Published in final edited form as: Mol Biosyst. 2011 Jun 7;7(8):2345–2351. doi: 10.1039/c1mb05116d

Fishing for function: zebrafish BAC transgenics for functional genomics

Sumantra Chatterjee a,b, Thomas Lufkin a,b,*
PMCID: PMC3358332  NIHMSID: NIHMS374722  PMID: 21647532

Abstract

Transgenics using bacterial artificial chromosomes (BACs) offers a great opportunity to look at gene regulation in a developing embryo. The modified BAC containing a reporter inserted just before the translational start site of the gene of interest allows for the visualization of spatio-temporal gene expression. Though this method has been used in the mouse model extensively, its utility in zebrafish studies is relatively new. This review aims to look at the utility of making BAC transgenics in zebrafish and its applications in functional genomics. We look at the various methods to modify the BAC, some limitations and what the future holds.

Introduction

Transgenic assays in animal model systems have been the gold standard for functional testing of various regulatory elements over the years.15 The ability of DNA fragments to drive reporter gene expression in a correct spatio-temporal manner and recapitulating endogenous gene expression has led to the discovery of numerous promoters and enhancers.69 With the advent of chromatin immunoprecipitation followed by high throughput sequencing (ChIP-Seq) the need for functional validation of binding sites has increased10,11manifold. Functional validation helps to segregate binding sites (DNA fragments) which direct spatio-temporal expression of neighbouring genes from binding sites which might not have a direct role in gene regulation and this is critical in our understanding of transcriptional control and goes a long way in helping to build gene regulatory networks. Though some studies have also utilized the more rapid luciferase assay in cell lines to validate the functionality of a binding site,1214 in vivo transgenics is still a more powerful and convincing method for such validations especially if working with developmental control genes.

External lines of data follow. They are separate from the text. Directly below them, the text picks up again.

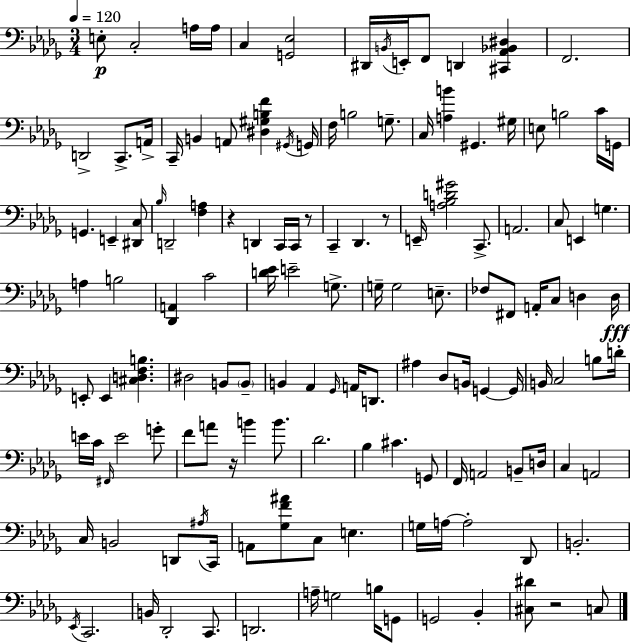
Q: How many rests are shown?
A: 5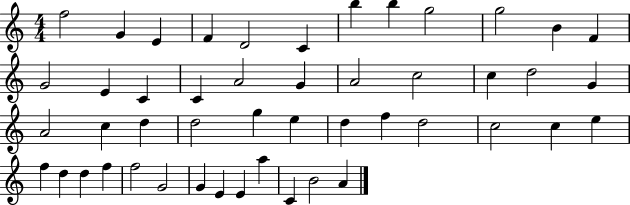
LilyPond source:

{
  \clef treble
  \numericTimeSignature
  \time 4/4
  \key c \major
  f''2 g'4 e'4 | f'4 d'2 c'4 | b''4 b''4 g''2 | g''2 b'4 f'4 | \break g'2 e'4 c'4 | c'4 a'2 g'4 | a'2 c''2 | c''4 d''2 g'4 | \break a'2 c''4 d''4 | d''2 g''4 e''4 | d''4 f''4 d''2 | c''2 c''4 e''4 | \break f''4 d''4 d''4 f''4 | f''2 g'2 | g'4 e'4 e'4 a''4 | c'4 b'2 a'4 | \break \bar "|."
}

Genome analysis of humans and closely related as well as divergent vertebrates like zebrafish has revealed the presence of highly conserved sequences that do not code for proteins.1518 Part of these conserved noncoding elements (CNEs) play a role in regulating gene expression, and are believed to be essential to all vertebrate development.6,9,19 Simultaneously it has also been shown that DNA elements in the absence of any sequence similarity can function as developmental enhancers in zebrafish.20,21 In spite of these findings the approaches to test for regulatory activity of these elements have remained “targeted”, where the PCR amplified DNA is either ligated to a reporter vector4 or in the case of zebrafish is co-injected with the reporter construct,9,22,23 and analysed for transient expression of green fluorescent protein (GFP) or lacZ. Another approach uses the Tol2 transposon system that allowed CNE–reporter gene fusions to be integrated into the germline more efficiently thus achieving much more robust expression of the transgene and solved the problem of mosaicism associated with transient transgenics in zebrafish.2427 Though such methods have increased our understanding of gene regulation and control of transcription, they encounter hurdles when multiple regulatory domains from non-contiguous DNA act in concert to regulate expression of a gene. Difficulties also arise when the non-coding regulatory DNA is not conserved across species and thus not recognizable prior to testing.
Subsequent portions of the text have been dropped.